■ **Brief**: Please quote exactly the opening lines of the data, from the first line to the one where "thumbnail: Bar (on property)" appears.

Brief descriptive captions:
________________________
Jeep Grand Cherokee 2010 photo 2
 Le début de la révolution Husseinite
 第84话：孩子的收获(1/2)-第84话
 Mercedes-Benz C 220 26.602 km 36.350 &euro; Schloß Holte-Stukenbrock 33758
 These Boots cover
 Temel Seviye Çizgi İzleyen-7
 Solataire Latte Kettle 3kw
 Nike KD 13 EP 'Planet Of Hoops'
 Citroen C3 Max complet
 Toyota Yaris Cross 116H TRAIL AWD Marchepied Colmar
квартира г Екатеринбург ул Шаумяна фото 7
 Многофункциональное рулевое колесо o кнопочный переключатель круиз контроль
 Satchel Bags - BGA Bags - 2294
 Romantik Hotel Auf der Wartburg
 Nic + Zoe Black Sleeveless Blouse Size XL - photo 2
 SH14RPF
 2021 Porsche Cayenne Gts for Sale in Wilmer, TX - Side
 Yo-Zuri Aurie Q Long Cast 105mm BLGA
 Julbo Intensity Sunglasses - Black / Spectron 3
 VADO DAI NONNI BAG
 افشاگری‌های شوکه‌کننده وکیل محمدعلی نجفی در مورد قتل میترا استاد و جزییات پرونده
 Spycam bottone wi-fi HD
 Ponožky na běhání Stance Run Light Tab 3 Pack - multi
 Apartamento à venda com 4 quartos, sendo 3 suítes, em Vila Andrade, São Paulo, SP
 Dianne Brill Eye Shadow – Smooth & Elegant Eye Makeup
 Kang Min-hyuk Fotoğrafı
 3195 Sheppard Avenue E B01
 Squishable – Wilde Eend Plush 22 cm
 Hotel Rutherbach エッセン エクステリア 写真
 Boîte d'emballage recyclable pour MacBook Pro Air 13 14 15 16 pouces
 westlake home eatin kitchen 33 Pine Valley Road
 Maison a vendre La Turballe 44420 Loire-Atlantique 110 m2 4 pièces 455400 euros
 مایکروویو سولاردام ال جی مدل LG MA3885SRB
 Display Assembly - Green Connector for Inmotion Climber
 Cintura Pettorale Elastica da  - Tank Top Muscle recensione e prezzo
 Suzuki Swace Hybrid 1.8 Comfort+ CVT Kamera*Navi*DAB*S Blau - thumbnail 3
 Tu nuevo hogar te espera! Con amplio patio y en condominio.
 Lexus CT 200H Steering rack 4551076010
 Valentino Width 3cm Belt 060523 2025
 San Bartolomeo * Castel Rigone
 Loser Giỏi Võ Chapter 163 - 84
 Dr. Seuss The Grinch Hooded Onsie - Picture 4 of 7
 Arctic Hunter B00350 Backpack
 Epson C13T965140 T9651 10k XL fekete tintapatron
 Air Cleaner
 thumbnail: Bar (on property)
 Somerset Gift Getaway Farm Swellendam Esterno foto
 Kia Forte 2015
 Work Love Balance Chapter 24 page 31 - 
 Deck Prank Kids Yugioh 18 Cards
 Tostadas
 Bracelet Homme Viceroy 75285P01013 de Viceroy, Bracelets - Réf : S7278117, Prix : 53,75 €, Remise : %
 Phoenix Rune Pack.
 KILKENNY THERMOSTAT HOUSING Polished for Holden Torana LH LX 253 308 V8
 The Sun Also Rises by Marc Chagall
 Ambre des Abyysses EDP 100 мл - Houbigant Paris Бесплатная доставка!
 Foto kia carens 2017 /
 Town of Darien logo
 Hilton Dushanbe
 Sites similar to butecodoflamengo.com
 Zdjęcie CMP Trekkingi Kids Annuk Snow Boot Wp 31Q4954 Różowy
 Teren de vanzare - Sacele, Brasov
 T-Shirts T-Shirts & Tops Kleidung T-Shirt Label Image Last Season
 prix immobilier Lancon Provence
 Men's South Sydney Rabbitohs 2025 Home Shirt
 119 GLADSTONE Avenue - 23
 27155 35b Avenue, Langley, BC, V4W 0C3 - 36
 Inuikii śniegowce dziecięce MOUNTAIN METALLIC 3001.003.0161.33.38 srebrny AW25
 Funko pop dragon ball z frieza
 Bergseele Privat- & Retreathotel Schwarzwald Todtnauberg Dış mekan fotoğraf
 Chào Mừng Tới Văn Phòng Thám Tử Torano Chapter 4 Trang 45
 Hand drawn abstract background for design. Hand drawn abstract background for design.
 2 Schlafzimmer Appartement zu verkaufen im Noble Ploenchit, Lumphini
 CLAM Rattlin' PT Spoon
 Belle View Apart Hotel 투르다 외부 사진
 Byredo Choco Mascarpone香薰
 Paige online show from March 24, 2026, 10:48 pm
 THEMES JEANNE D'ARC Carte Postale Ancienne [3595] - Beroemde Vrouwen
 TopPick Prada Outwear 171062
________________________
■ **Finished task**:
Jeep Grand Cherokee 2010 photo 2
 Le début de la révolution Husseinite
 第84话：孩子的收获(1/2)-第84话
 Mercedes-Benz C 220 26.602 km 36.350 &euro; Schloß Holte-Stukenbrock 33758
 These Boots cover
 Temel Seviye Çizgi İzleyen-7
 Solataire Latte Kettle 3kw
 Nike KD 13 EP 'Planet Of Hoops'
 Citroen C3 Max complet
 Toyota Yaris Cross 116H TRAIL AWD Marchepied Colmar
квартира г Екатеринбург ул Шаумяна фото 7
 Многофункциональное рулевое колесо o кнопочный переключатель круиз контроль
 Satchel Bags - BGA Bags - 2294
 Romantik Hotel Auf der Wartburg
 Nic + Zoe Black Sleeveless Blouse Size XL - photo 2
 SH14RPF
 2021 Porsche Cayenne Gts for Sale in Wilmer, TX - Side
 Yo-Zuri Aurie Q Long Cast 105mm BLGA
 Julbo Intensity Sunglasses - Black / Spectron 3
 VADO DAI NONNI BAG
 افشاگری‌های شوکه‌کننده وکیل محمدعلی نجفی در مورد قتل میترا استاد و جزییات پرونده
 Spycam bottone wi-fi HD
 Ponožky na běhání Stance Run Light Tab 3 Pack - multi
 Apartamento à venda com 4 quartos, sendo 3 suítes, em Vila Andrade, São Paulo, SP
 Dianne Brill Eye Shadow – Smooth & Elegant Eye Makeup
 Kang Min-hyuk Fotoğrafı
 3195 Sheppard Avenue E B01
 Squishable – Wilde Eend Plush 22 cm
 Hotel Rutherbach エッセン エクステリア 写真
 Boîte d'emballage recyclable pour MacBook Pro Air 13 14 15 16 pouces
 westlake home eatin kitchen 33 Pine Valley Road
 Maison a vendre La Turballe 44420 Loire-Atlantique 110 m2 4 pièces 455400 euros
 مایکروویو سولاردام ال جی مدل LG MA3885SRB
 Display Assembly - Green Connector for Inmotion Climber
 Cintura Pettorale Elastica da  - Tank Top Muscle recensione e prezzo
 Suzuki Swace Hybrid 1.8 Comfort+ CVT Kamera*Navi*DAB*S Blau - thumbnail 3
 Tu nuevo hogar te espera! Con amplio patio y en condominio.
 Lexus CT 200H Steering rack 4551076010
 Valentino Width 3cm Belt 060523 2025
 San Bartolomeo * Castel Rigone
 Loser Giỏi Võ Chapter 163 - 84
 Dr. Seuss The Grinch Hooded Onsie - Picture 4 of 7
 Arctic Hunter B00350 Backpack
 Epson C13T965140 T9651 10k XL fekete tintapatron
 Air Cleaner
 thumbnail: Bar (on property)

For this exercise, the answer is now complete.